UNTHSC Researcher Will Lead National Opioid Crisis Steering Committee

Scott Walters (Courtesy of: UNTHSC)

Scott Walters has been named Steering Committee Chair of the HEALing Communities Study, an aggressive effort to find solutions that will put a stop to the national opioid crisis. Walters is Regents Professor and Chair of Health Behavior at the UNT Health Science Center School of Public Health.

The study is a part of the National Institutes of Health HEAL (Helping to End Addiction Long-Term) Initiative, which is currently backed by more than $350 million in support.

“My role as Steering Committee Chair will be like that of a stage manager,” says Walters, per release. “To keep track of all aspects of the project and make sure people have what they need to keep things moving.”

Four independent research sites— Boston Medical Center, Columbia University in New York, Ohio State University, and the University of Kentucky— will build on current NIH research to implement, test, and assess proven prevention and treatment strategies for opioid overdose, recovery, and support.

A rise in abuse of prescription pain relievers, heroin, and synthetic opioids has added to the crisis, putting those communities affected by economic downturn at an especially high risk.
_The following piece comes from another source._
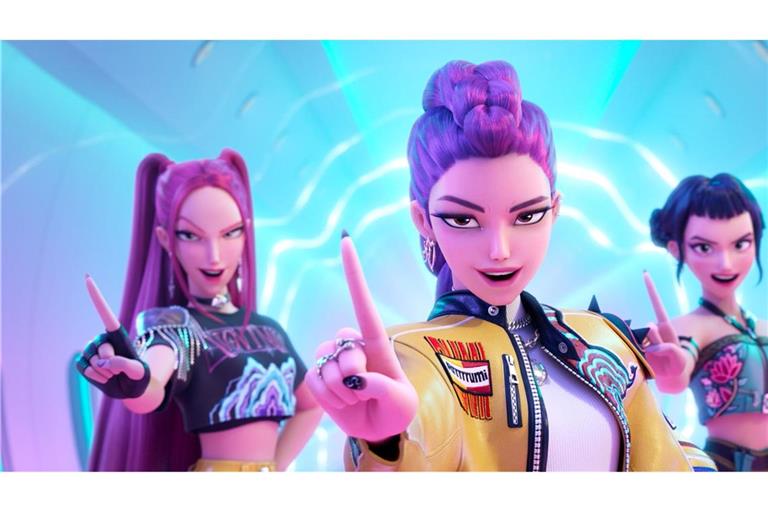 Mira (Stimme von May Hong, l-r), Rumi (Stimme von Arden Cho) und Zoey (Stimme von Ji-Young Yoo) - eine Szene aus "KPop Demon Hunters" (undatiert).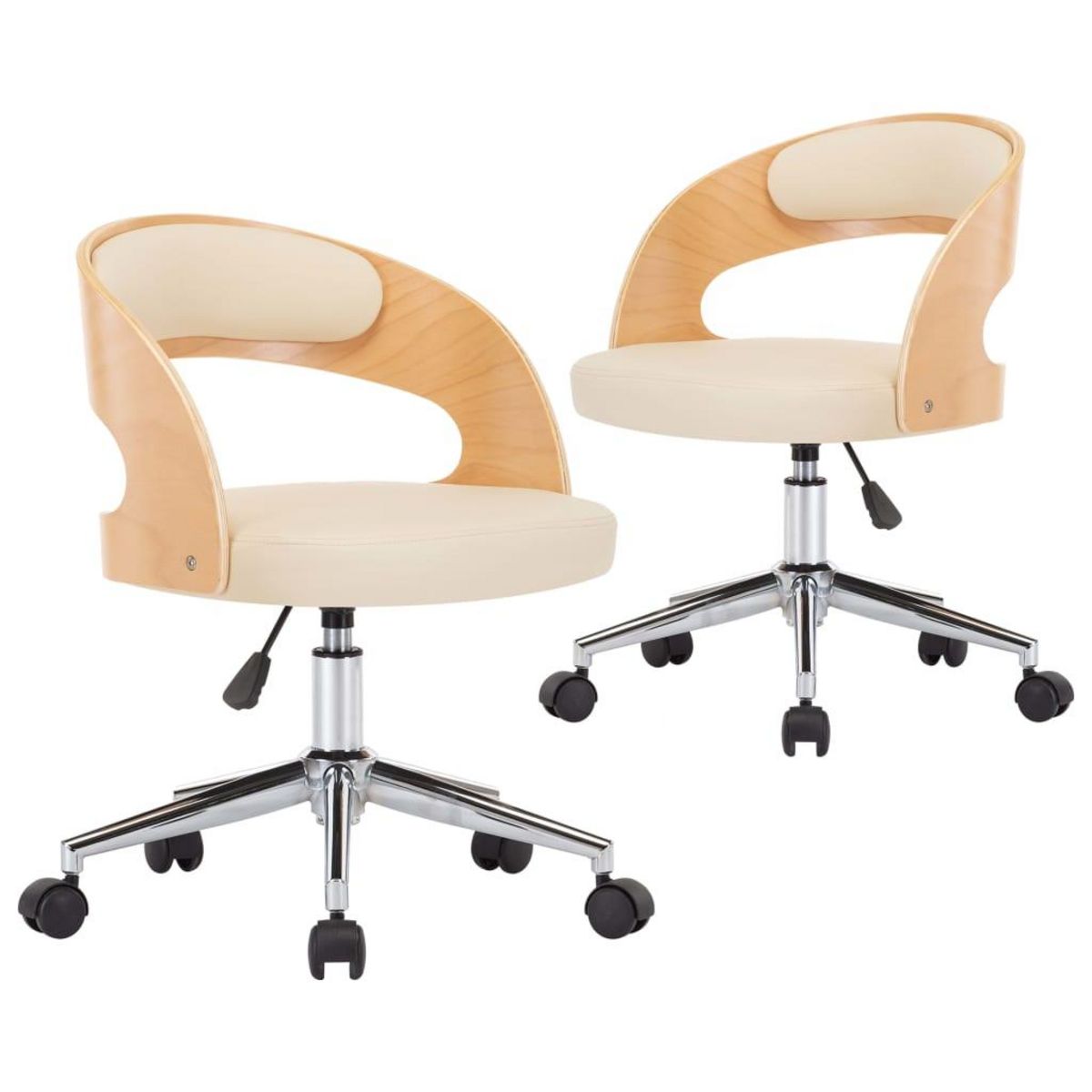 VIDAXL Chaises pivotantes a manger lot de 2 bois courbe et similicuir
The study’s goal is to reduce opioid deaths by at least 40 percent over a three-year period in nearly 70 communities struggling with the opioid crisis in Kentucky, Massachusetts, New York, and Ohio by tracking outcomes such as drug fatalities, medication access, prescribing patterns, and treatment initiation.

“What makes this project unique is the scope of the problem we’re addressing and the way it brings solutions together across different channels, including health care, behavioral health, the justice system, and other community-based settings,” says Walters via release.

Walters’ career as a public health professor and researcher focuses on the use of motivational interviewing and technology for behavioral health and substance abuse solutions among varied populations such as probationers, homeless adults, veterans, low-income individuals suffering from mental health issues, and young adults. He hopes this project will implement change on a national level.

“This project will create a national model for curbing the opioid crisis,” says Walters per release. “Nearly 50,000 people died from opioid overdose in 2017, and millions of other Americans are struggling with drug dependence. Overdose rates in some communities have become so great that it’s really a moral imperative for us to find solutions.”